With the outbreak of the Second Sino-Japanese War in 1937, Okada's films were censored as part of militarist restrictions on freedom of expression and Sugimoto, on probation due to his proletarian activism, was in fear of being sent to prison. To escape their mounting problems in Japan the couple decided to defect to the Soviet Union. On December 27, 1937, they departed from Ueno Station headed via Hokkaido for Karafuto. Okada had some familiarity with the area as her parents had lived there. On December 31, they stayed at an inn in Shikuka (in the present-day Russian oblast of Poronaisk). On January 3, 1938 they headed for the border on the pretext of visiting the police and crossed into the Soviet Union in a severe snowstorm. It was reported in newspapers as an elopement incident and surprised all of Japan. On January 10, the Soviet authorities notified the Japanese Consul General in Ako (now Alexandrovsk Sakhalinsky) that the couple had been escorted to the continent. The consul general requested their return but, on January 13, Soviet officials informed him that, upon investigation, it was determined that both persons had entered the USSR voluntarily and by their own means. In reality, as they had entered the country illegally their reception was very harsh; they were separated just three days after entering the country and would never see each other again. The Soviet authorities of the time, seeing Japan as a potential threat, accused them of espionage regardless of their intentions. Tortured and threatened, on January 10, Okada confessed to crossing the border for the purpose of spying. Also under torture, Sugimoto confessed that he, Seki Sano and Yoshi Hijikata, Japanese dramatists living in Moscow, and also soviet playwright and director Vsevolod Meyerhold were all spies. Their confessions were among the pretexts used for the 1940 purge and execution of world-renowned director Meyerhold.

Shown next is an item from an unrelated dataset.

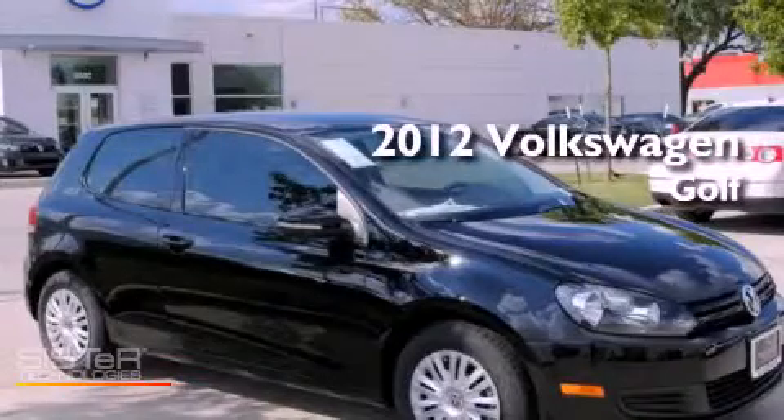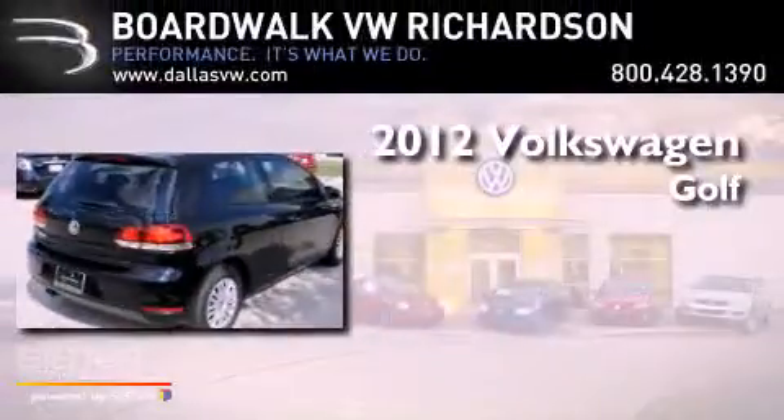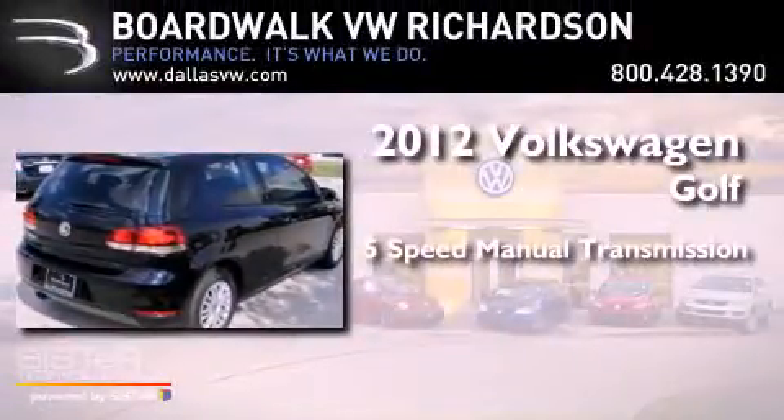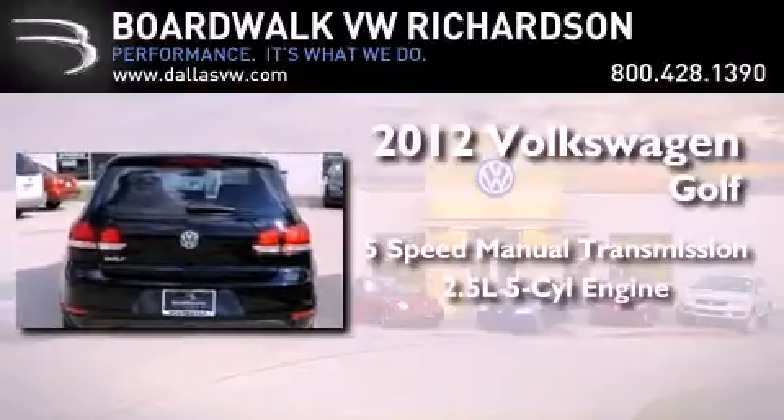This is a brand new 2012 Volkswagen Golf. This compact has a 5-speed manual transmission and a 2.5-liter inline 5-cylinder engine.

On September 27, 1939, a trial was held in Moscow where Okada fully admitted the indictment and was sentenced to 10 years deprivation of liberty. Sugimoto completely denied the charges, was sentenced to death by firing squad, and was executed on December 26 (His execution was only revealed to Okada after perestroika; she had previously been told he died of illness in prison). Okada was sent to the NKVD's Vyatka Camp 1 in Kirov province, 800 kilometers northeast of Moscow. She wrote petitions to the Soviet authorities for a retrial, which were ignored. On January 7, 1943, she was transferred to the NKVD Prison of Internal Affairs in Moscow, and was released on December 4, 1947. Soviet authorities fabricated a fictional career for the five years before her release but her activities and duties in the NKVD prison in Moscow are not clear; she was rumored to have been on a top-secret mission. After the war, she worked at Radio Moscow as an announcer for a Japanese-language broadcast and married Shintaro Takiguchi, a Japanese colleague 11 years younger than her and a popular prewar actor. She also attended the Lunacharsky State Institute for Theatre Arts, where she reappeared as a theater performer and was selected to co-direct the film Ten Thousand Boys with Boris Buneev, a work that has been called "the first Russian film about Japan not intended to be a depiction of the vicious Japanese enemy."

== Return to Japan ==

When World War II started, Okada was almost completely forgotten in Japan but when in 1952 Tomi Takara, a Diet member on an official visit to the Soviet Union, confirmed that Yoshiko was alive, interest in her suddenly grew. In April 1967, she appeared on a Japanese TV program broadcast from Moscow, speaking with the same straightforwardness she had been known for. In 1972, at the initiative of Ryokichi Minobe, the governor of Tokyo she returned to Japan for the first time in 35 years. She re-entered the Japanese entertainment world, appearing on the stage, in several films including one of Yōji Yamada's Tora-san series, and on TV shows such as "Quiz Fun Seminar" and "Tetsuko's Room". In 1994 interviews concerning her imprisonment in the USSR were posthumously aired on the NHK as a documentary The World: My Heart's Journey: Soviet Confinement and published the December 1994 issue of "Chūō Kōron" magazine as "Yoshiko Okada's Lost Ten Years."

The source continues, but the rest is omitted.